Key words: atopic dermatitis; itch; scratching; personality; agreeableness; itch induction.

Accepted Aug 16, 2017; Epub ahead of print Aug 17, 2017

Acta Derm Venereol 2017; 97: xx–xx.

Corr: Christina Schut, Institute of Medical Psychology, Justus-Liebig-University, Klinikstrasse 29, DE-35392 Giessen, Germany. E-mail: Christina.Schut@psycho.med.uni-giessen.de

INTRODUCTION

Atopic dermatitis (AD) is a chronic inflammatory skin disease which is characterized by lichenification at certain sites of the body and (other) atopic diseases (asthma bronchiale, rhinitis allergica or AD) in the patient and/or his/her family (1). One of the biggest stressors of this disease is the intense itch which bothers AD patients, especially in the evening and at night (2, 3). In order to decrease itch, patients scratch, which is associated with immunological reactions and a worsening of inflammation (4). Almost every AD patient experiences his/her itch as annoying and unpleasant (3). The itch intensity during a usual itching episode is evaluated as very intense in this patient group (8.3 out of 10 points). Furthermore, itch occurs in 91.4% of the patients at least once a day (3). Many AD patients experience heat sensations and pain in combination with their itch (3, 5).

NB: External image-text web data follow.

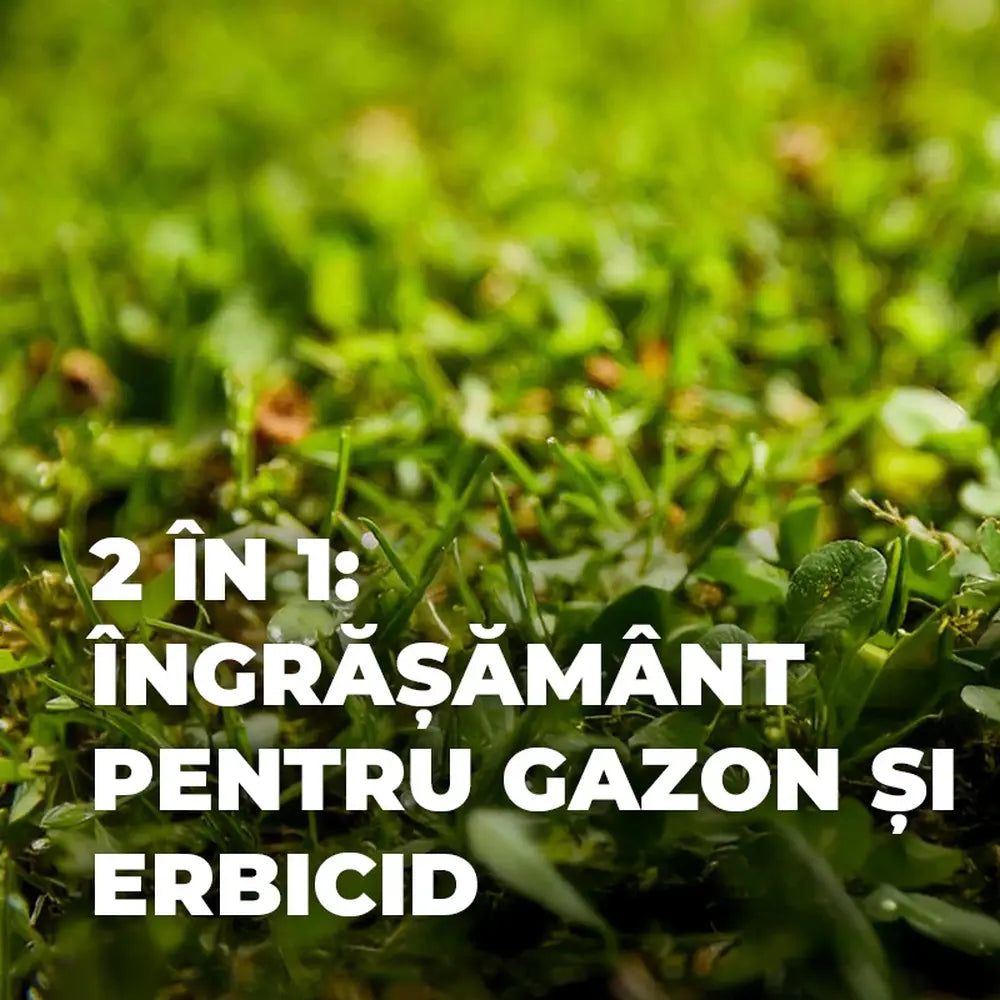 Ingrasamant gazon Compo Floranid cu erbicid 2 in 1 efect imediat si de lunga durata 1.5 kg pentru 50 mp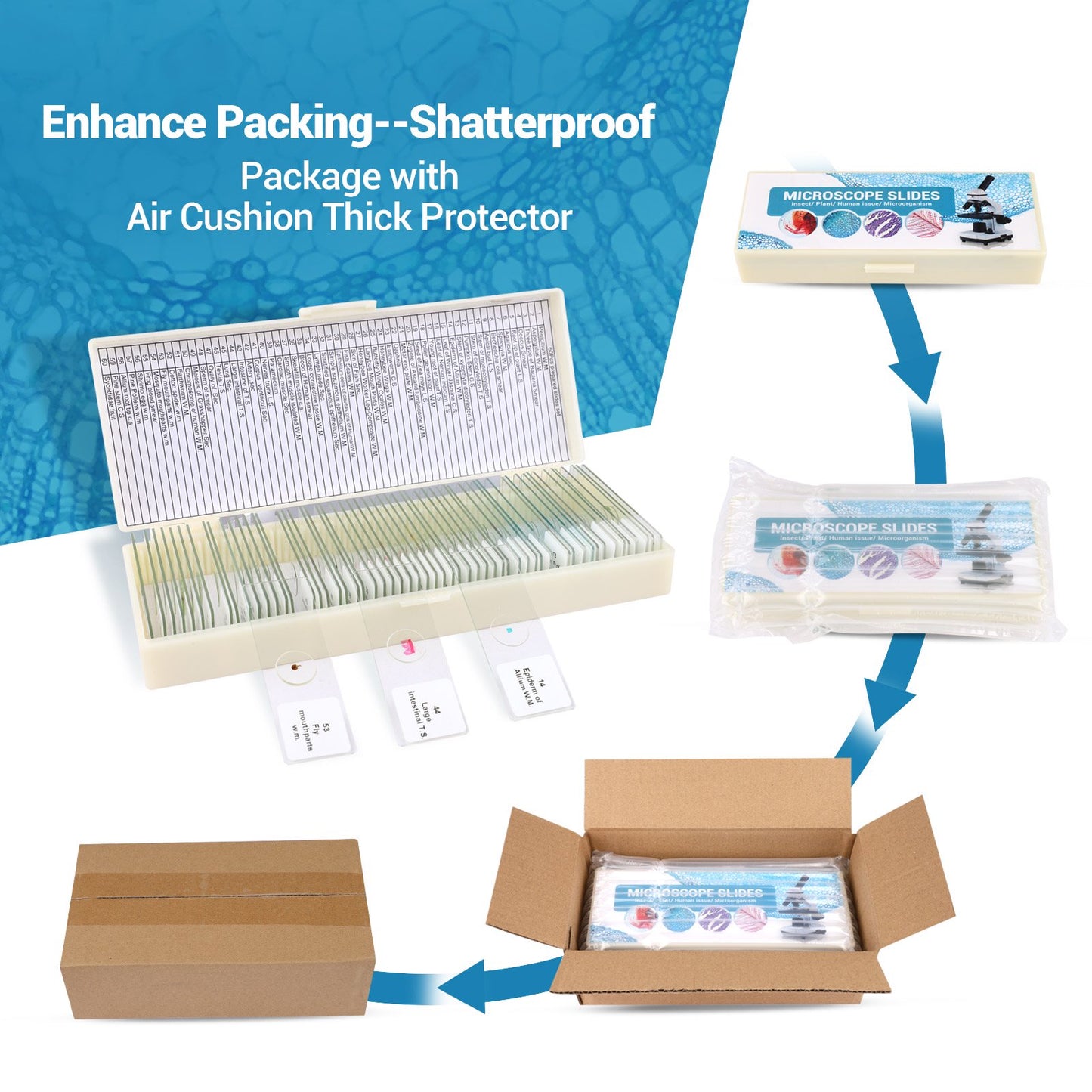 60PCs Microscope Slides, Prepared Microscope Slides with Specimens for Kids Microbiology,Prepared Microscope Slides for Adults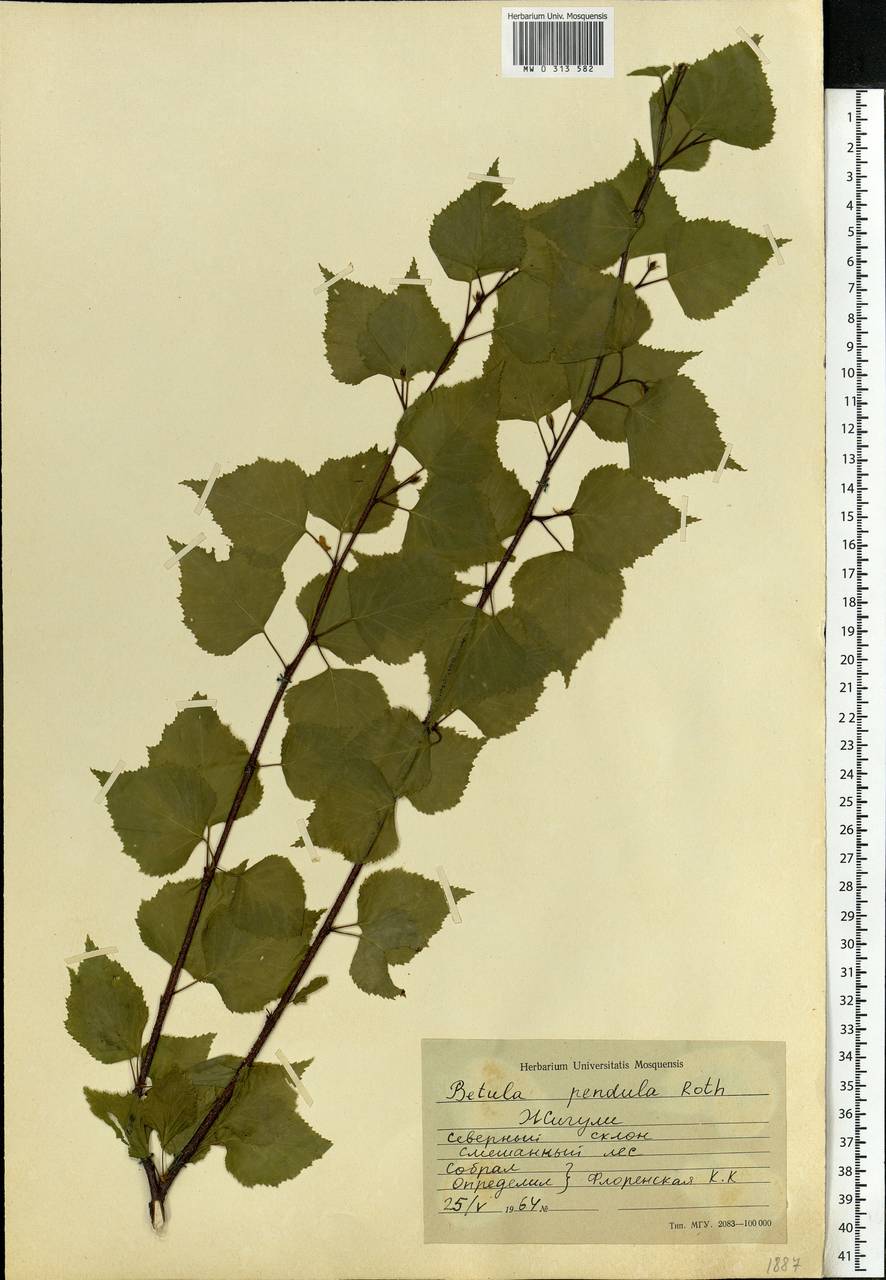 Betula pendula Roth, Eastern Europe, Middle Volga region (E8) (Russia)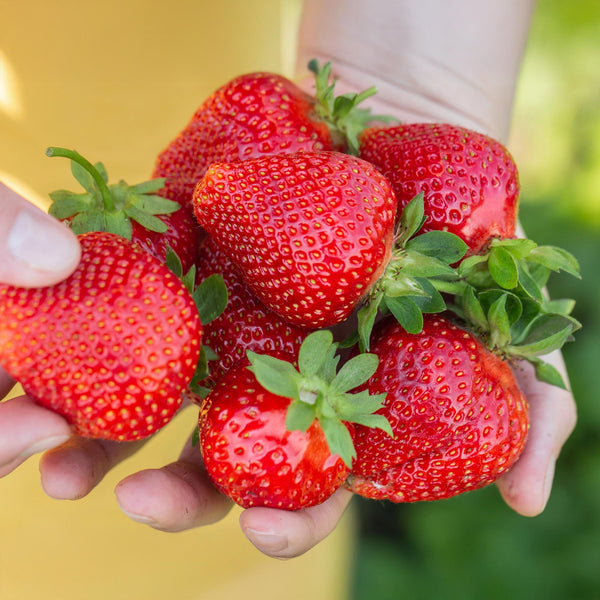 Aardbei - Fragaria Elvira - Ø9cm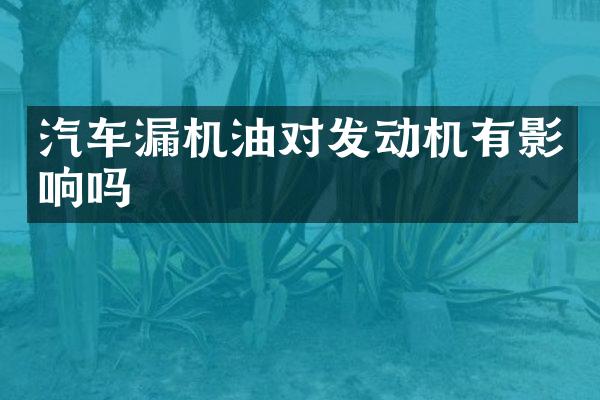 汽车漏机油对发动机有影响吗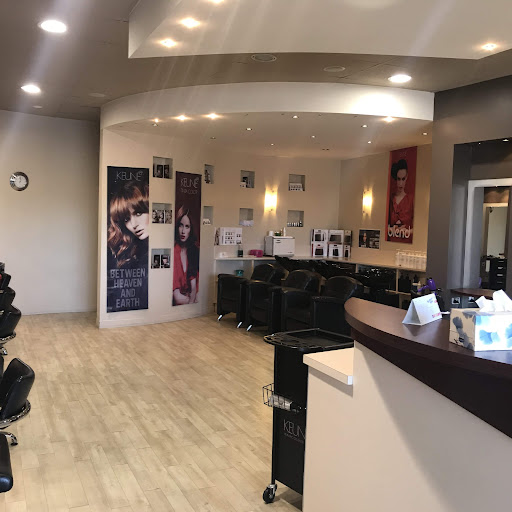 New Style Hair and Beauty Salon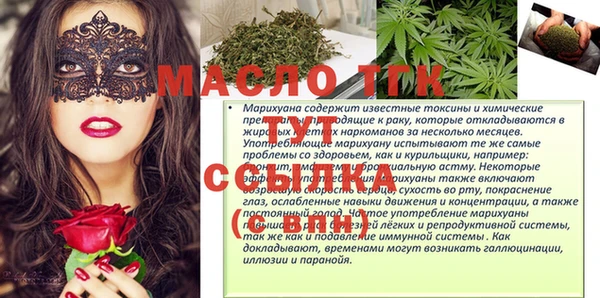 индика Нязепетровск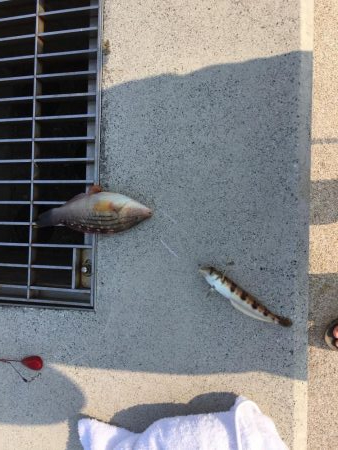 大可賀釣り公園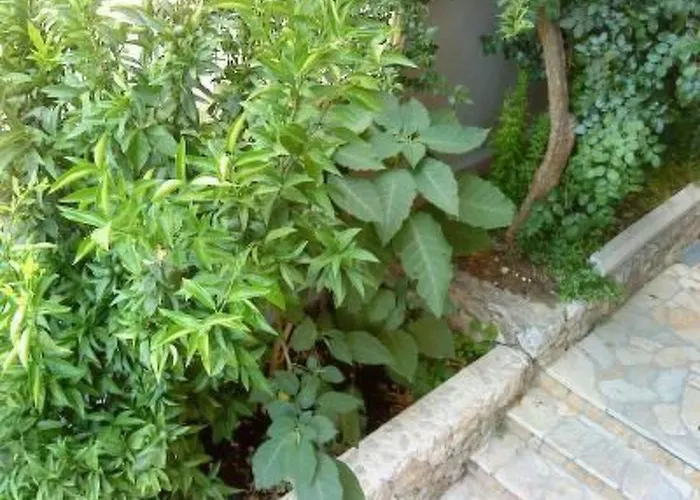 Garbin Ventus By Interhome *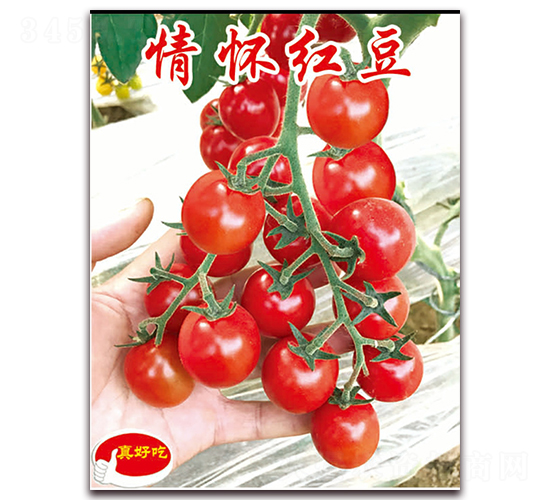 ��Ѽt��-�������t���N��-�ꂥ�N�I(y��)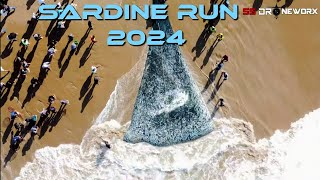 Sardine Run 2024 [upl. by Royd846]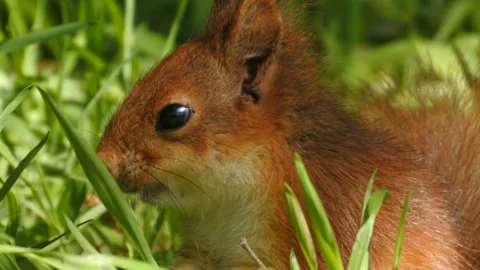 Slow motion Red Squirrel in Norway foraging and eating Stock Footage 155124924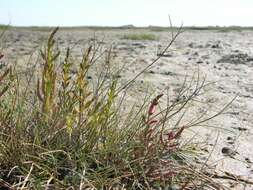 Image of Glasswort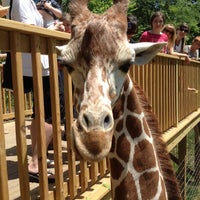 Foto tomada en Elmwood Park Zoo  por Erin L. el 6/5/2013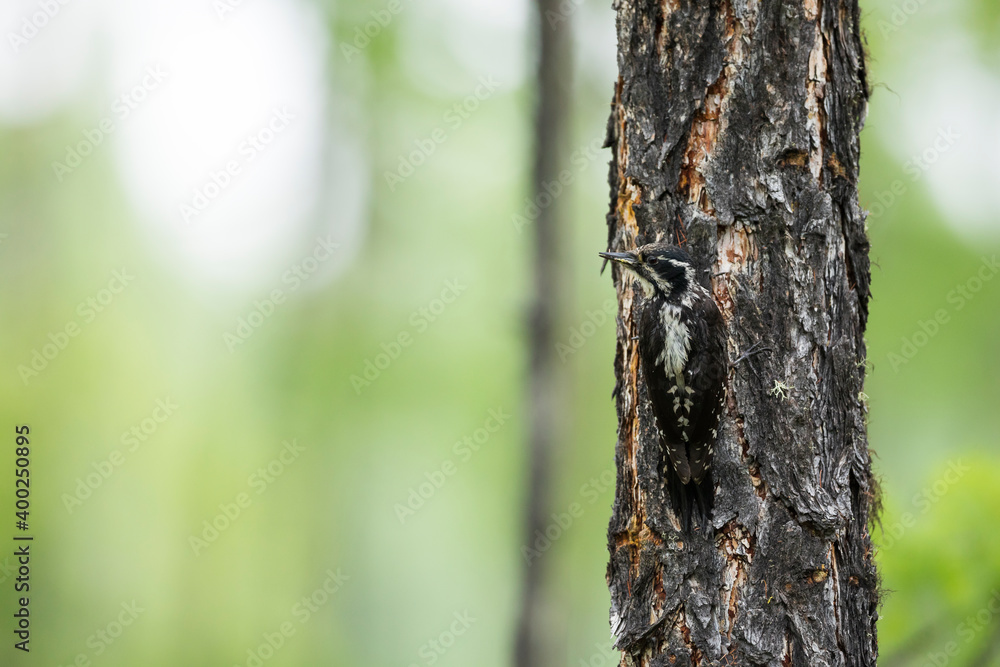 Three-toed Woodpecker, Picoides tridactylus ssp. tridactylus Three-toed Woodpecker, Picoides tridactylus ssp. tridactylus
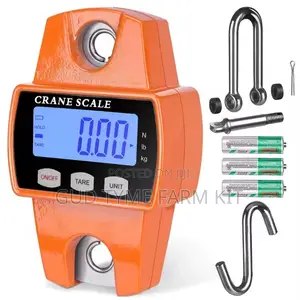 Veidt Ocs-l Portable Crane Scale 300kg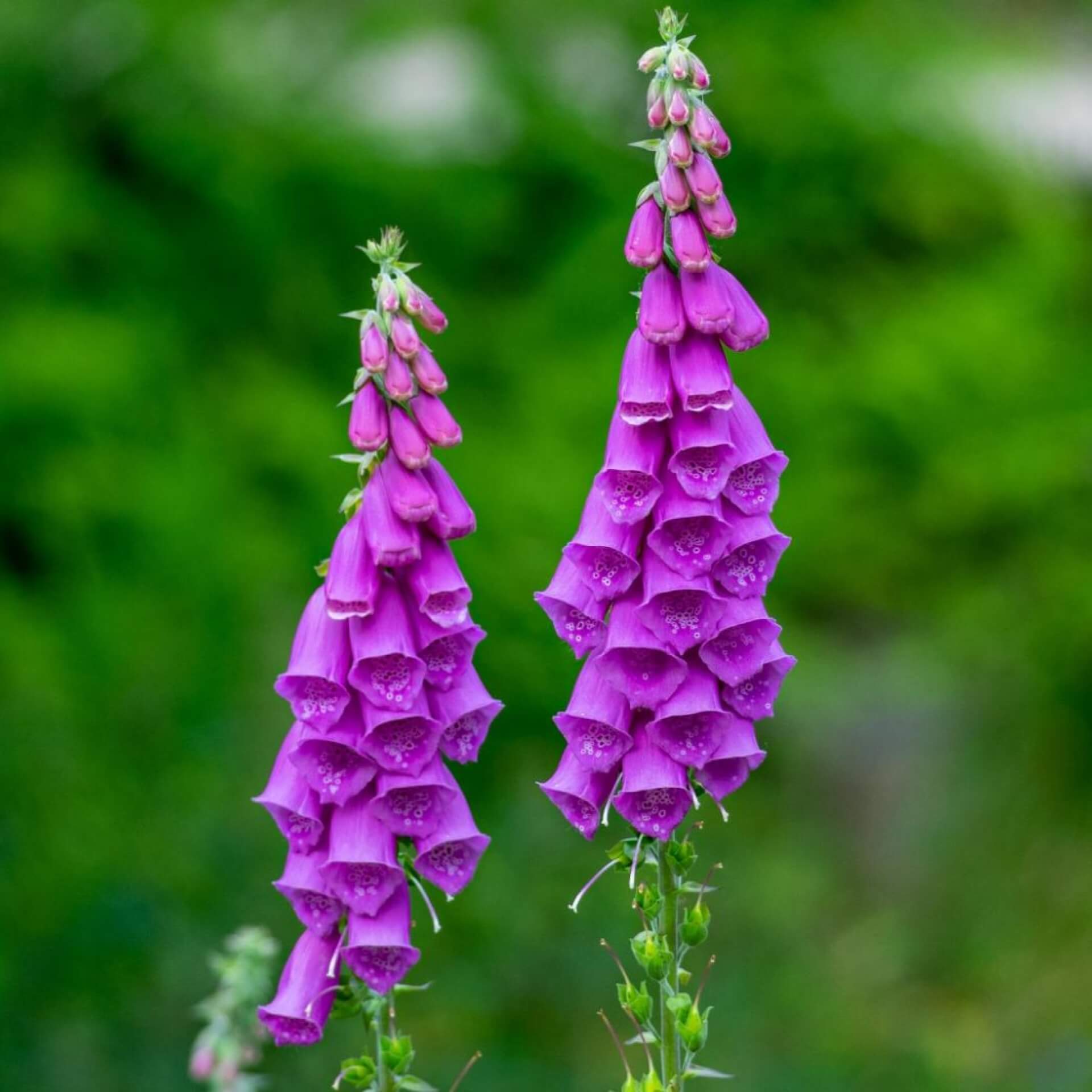 Roter Fingerhut 'Dalmatian Purple' (Digitalis purpurea 'Dalmatian Purple')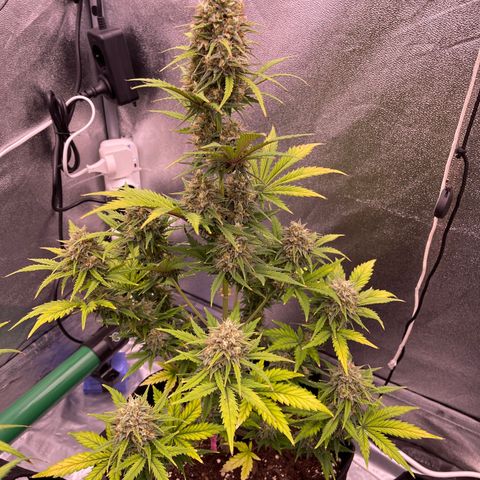 Unknown strain growlog timeline photo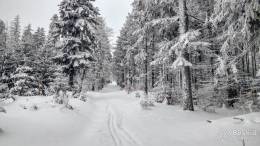 IMG_20180224_091547_HDR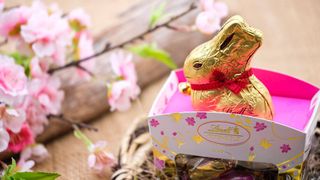 Der Schweizer Hersteller Lindt & Sprüngli will auch 2025 die Preise für Schokolade erhöhen. (Bild: frei lizenziert)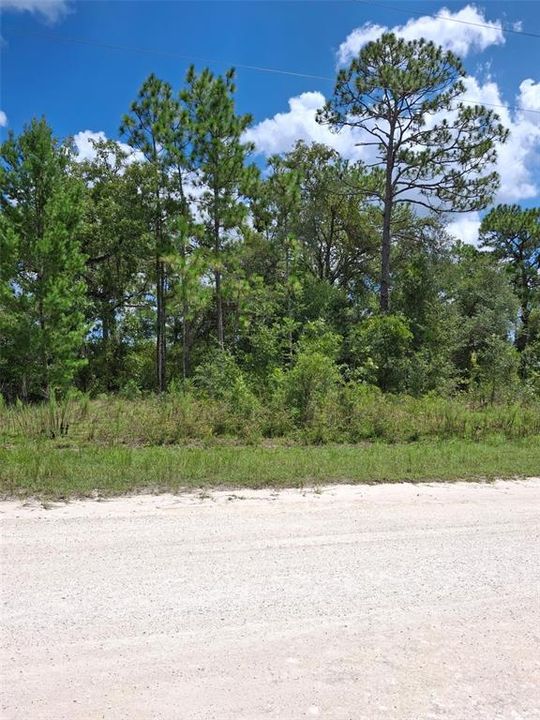 Active With Contract: $32,500 (0.46 acres)
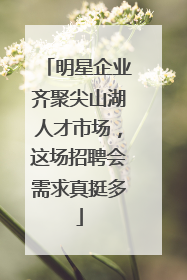 明星企业齐聚尖山湖人才市场，这场招聘会需求真挺多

In some older studies, AD patients were shown to have a certain personality structure which was characterized by high neuroticism scores, hostility and the inability to cope with anger (6, 7). Furthermore, patients with AD were found to be more anxious and depressive than healthy controls (6–10) and described themselves as lower in self-efficacy than healthy controls (8). Even though these relationships could be found, Buske-Kirschbaum et al. (11) posit that one should be rather cautious in relating a certain personality profile to the occurrence of AD, because study results are diverse and not every study found a certain personality structure in patients with AD (11). However, personality characteristics and depression seem to be related to the intensity of itch in this patient group (12–14). One study showed that neuroticism was positively associated with the intensity of itch in patients with AD and psoriasis (13). In another study, a positive correlation between self-rated depression and itch intensity was found in AD (12). In addition, being more focused on bodily sensations was linked to the intensity of itch in this patient group (14). Even though the correlations in these cited studies were rather low, we were surprised by the results of a study which we published 3 years ago (15). In this study, we investigated the relationship between induced itch and personality in AD. We found that induced itch and scratching in AD patients were strongly related to certain personality characteristics. Induced scratching could be predicted by public self-consciousness and low agreeableness to a very high degree: Patients who report being very concerned about what other people think about them and at the same time describe themselves as rather rude or aggressive and not very agreeable, displayed more induced scratching than patients with the opposite psychological phenotype (corrected R2 = 0.534). Furthermore, AD patients scoring high on depression reported a higher itch increase than patients who stated they were not very depressive (corrected R2 = 0.175). In contrast, these associations were not found in healthy controls (15).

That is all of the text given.